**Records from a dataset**

■ ■ ■ ■ ■

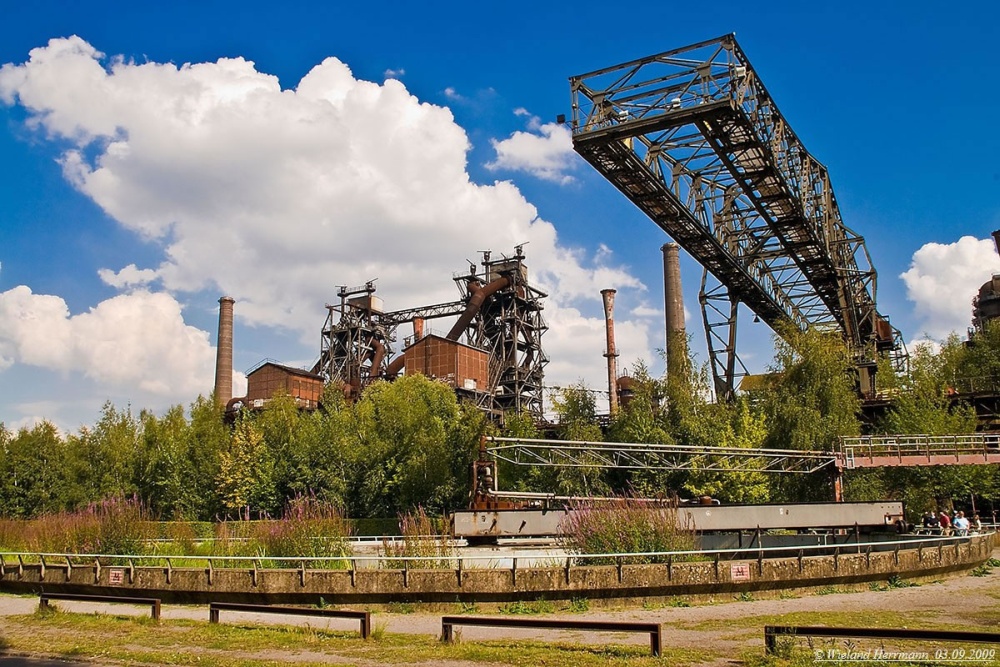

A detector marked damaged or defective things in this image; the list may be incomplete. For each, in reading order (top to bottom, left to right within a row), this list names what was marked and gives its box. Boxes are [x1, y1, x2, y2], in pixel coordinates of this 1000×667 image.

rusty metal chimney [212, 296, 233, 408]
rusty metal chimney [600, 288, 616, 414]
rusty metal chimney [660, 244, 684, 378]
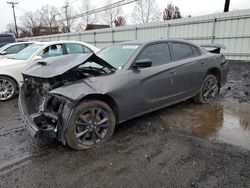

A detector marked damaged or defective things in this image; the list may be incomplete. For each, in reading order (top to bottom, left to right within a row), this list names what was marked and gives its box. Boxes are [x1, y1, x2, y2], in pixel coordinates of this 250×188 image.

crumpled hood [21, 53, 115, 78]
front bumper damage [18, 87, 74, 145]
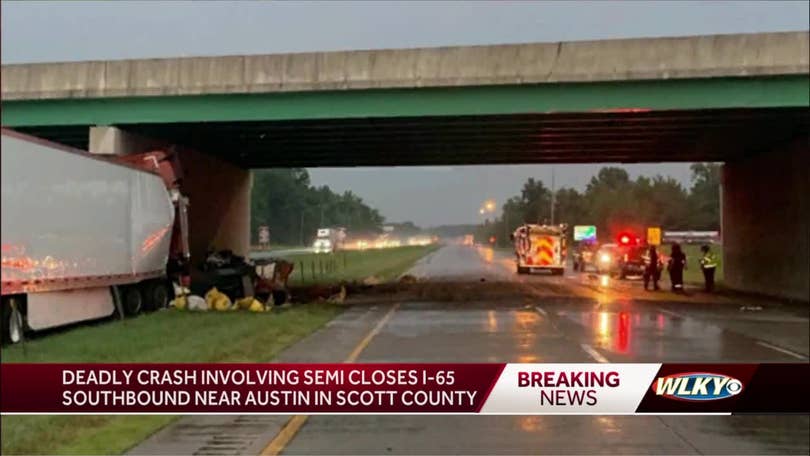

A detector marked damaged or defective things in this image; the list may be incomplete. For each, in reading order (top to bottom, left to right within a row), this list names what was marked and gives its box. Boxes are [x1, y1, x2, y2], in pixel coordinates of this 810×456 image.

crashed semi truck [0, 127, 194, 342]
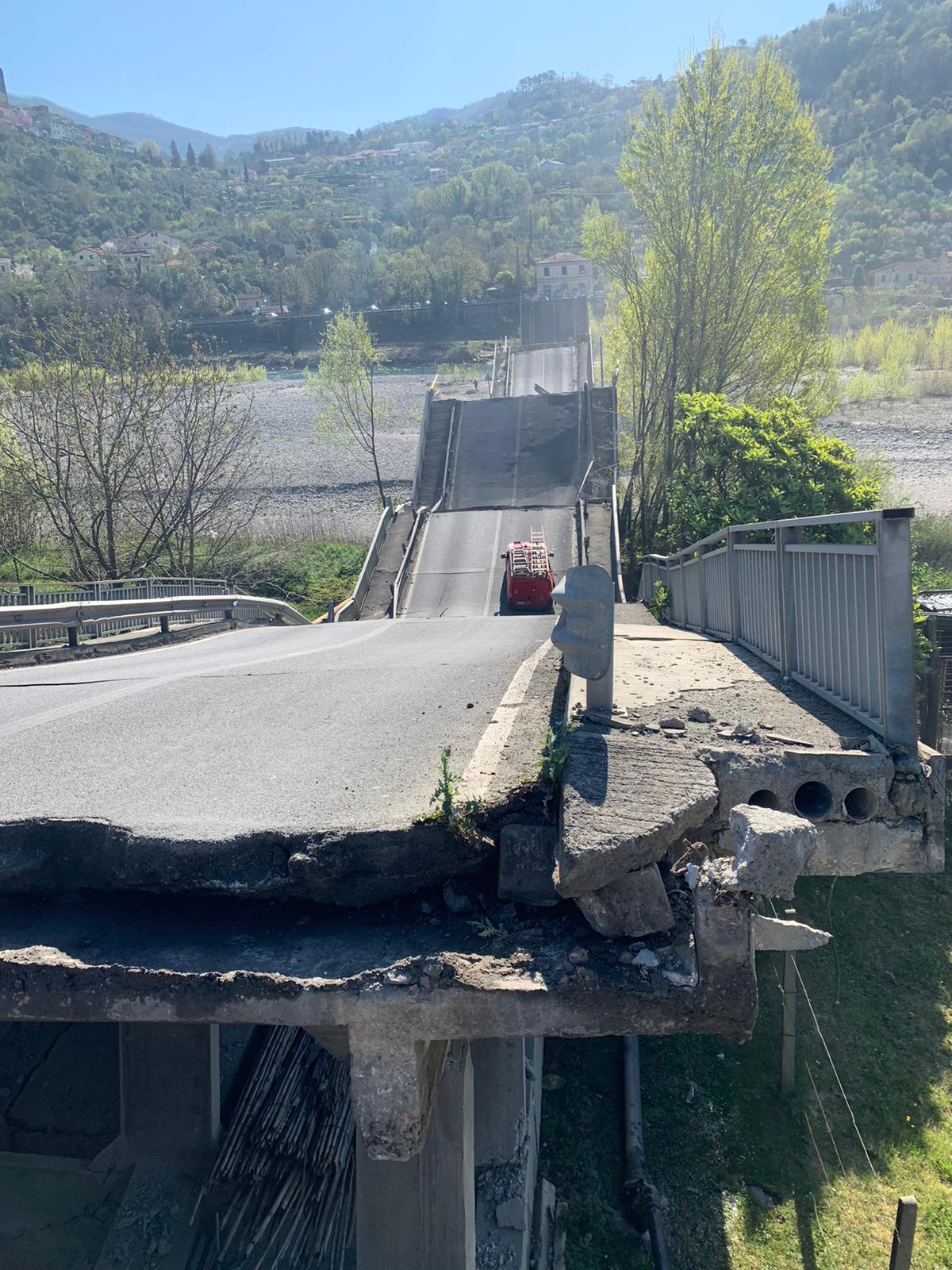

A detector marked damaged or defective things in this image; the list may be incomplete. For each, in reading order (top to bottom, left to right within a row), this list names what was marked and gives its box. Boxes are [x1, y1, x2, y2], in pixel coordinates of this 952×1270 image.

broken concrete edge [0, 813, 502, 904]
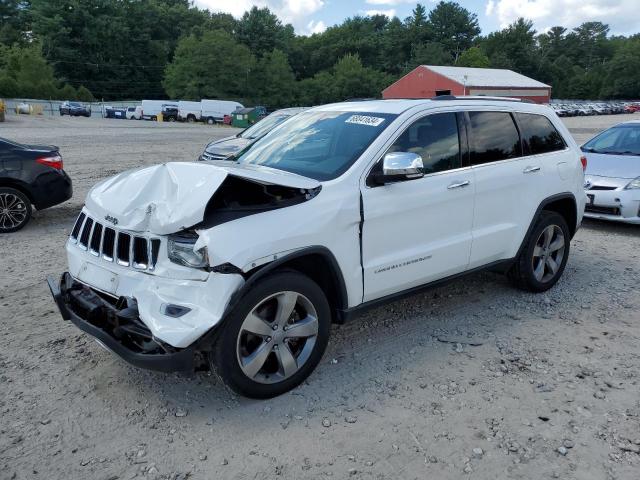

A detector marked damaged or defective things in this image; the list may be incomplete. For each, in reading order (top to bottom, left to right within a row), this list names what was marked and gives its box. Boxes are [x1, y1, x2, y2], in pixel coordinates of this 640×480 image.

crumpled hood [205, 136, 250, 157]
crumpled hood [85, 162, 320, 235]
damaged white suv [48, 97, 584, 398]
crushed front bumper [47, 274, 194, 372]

■ ■ ■ ■ ■

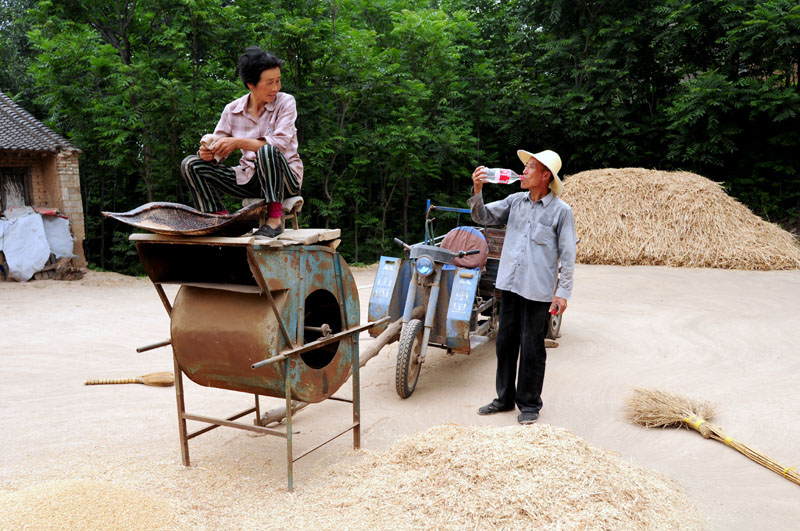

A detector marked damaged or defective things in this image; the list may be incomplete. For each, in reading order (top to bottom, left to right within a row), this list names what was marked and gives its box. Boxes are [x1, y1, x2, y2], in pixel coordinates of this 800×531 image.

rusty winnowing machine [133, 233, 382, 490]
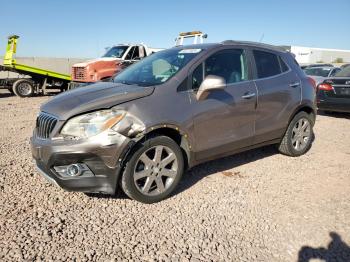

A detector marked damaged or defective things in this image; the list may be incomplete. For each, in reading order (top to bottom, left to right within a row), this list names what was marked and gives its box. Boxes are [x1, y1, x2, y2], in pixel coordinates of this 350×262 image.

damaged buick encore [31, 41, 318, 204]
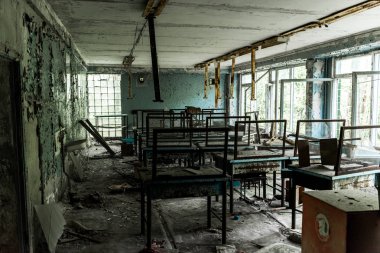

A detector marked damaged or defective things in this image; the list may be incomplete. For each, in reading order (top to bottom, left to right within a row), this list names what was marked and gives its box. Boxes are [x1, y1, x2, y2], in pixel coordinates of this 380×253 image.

■ ■ ■ ■ ■

**Task prompt**
Within these entries, output exactly the lines starting at the one with "this 800×531 image." and finishing at the one with "this 380×253 image.". Leave pictures out of the output.

**The completed task**
A detector marked damaged or defective things in this image; the list may be incomplete. For each, in reading order (top to bottom, left to right within a row), this list names what was marked and gives its box. Boxes are [x1, y1, x2, y2], in pixel coordinates of this 800×531 image.

rusty winnowing machine [133, 233, 382, 490]

A detector marked damaged or defective things in this image; the list may be incomplete. For each, in reading order (top to bottom, left to right within a row), this list names what was marked and gives its box. Boxes are [x1, y1, x2, y2], in pixel coordinates of this 350×262 image.

damaged buick encore [31, 41, 318, 204]

A detector marked damaged or defective things in this image; the list may be incomplete. For each, in reading order (top to bottom, left to right within a row), this list names what was marked and gives its box. Boxes are [x1, y1, x2, y2], in pixel coordinates of this 380×253 image.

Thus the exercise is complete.